At this point I wasn’t sure what situation I wanted to put these two in, the only thing I was sure about is Agent 327 shooting out of his cast. So I started with the creative development. I started sketching the characters on paper to get the feel for their shape language, face expressions, proportions and some poses and ideas that I could use for my final decision.
Agnet 327 is pretty basic and is made up of simple shapes, but Olga is going to be a challenge. I always find female characters to be harder to make because they require smoother shapes and more appeal. My greatest influence for female character design is Bruce Timm and Jin Kim.
These sketches are far from good, but they serve me well for visualizing ideas. I got some feedback from other people and we all agree that the most entertaining idea is the one where Olga is holding Agent 327 and shooting out of his cast.
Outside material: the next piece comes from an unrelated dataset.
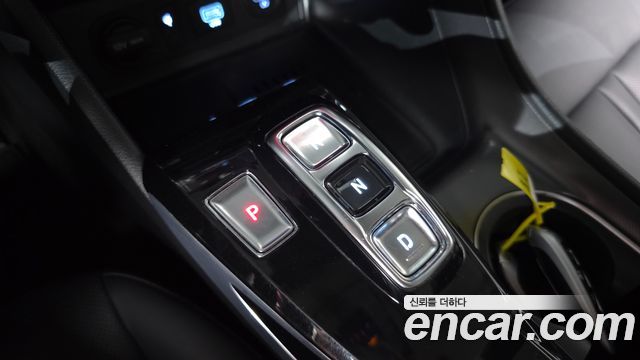 Hyundai Sonata (DN8) 2.0 LPG Premium Plus 2022 — фото 9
This idea also serves me well from technical aspect. The scene is going to be simple and should be easily presented in the Sketchfab viewer. The focus is on the characters and I don’t want audience’s eyes to be drawn too much to the background.
- 2. Sculpting
First I started sculpting Agent 327 in a static, relaxed A pose that’s going to be useful when I start posing him later. I’m using super simple shapes and I don’t spend too much time on details and proportions but rather shape and form.
For my second pass blockout I’m focusing more on getting right proportions, sculpting facial, and hand details. But still keeping it relatively simple. For one, getting into too much detail in an early stages can be devastating, and the other, I always loved simple and cartoonish style, and that’s what I’m going for here (just like I mentioned, in the style of Bruce Timm and Jin Kim). It’s a good thing to mention that getting some basic face expressions early can help a lot during posing stages.
For the third blockout stage, I merged smaller parts into a broader ones, slowly merging them to one object. I’m still keeping hands and head separate parts because those need more geometry. In this stage, as you can see, I modeled clothes manually, and therefore I did 50% of the retopology process.
Just like before, I started my sculpt with the basic blockout focusing more on broad shapes, and defining basic form. With the second blockout pass I merged limbs and defined them a little better. And also sculpted basic face.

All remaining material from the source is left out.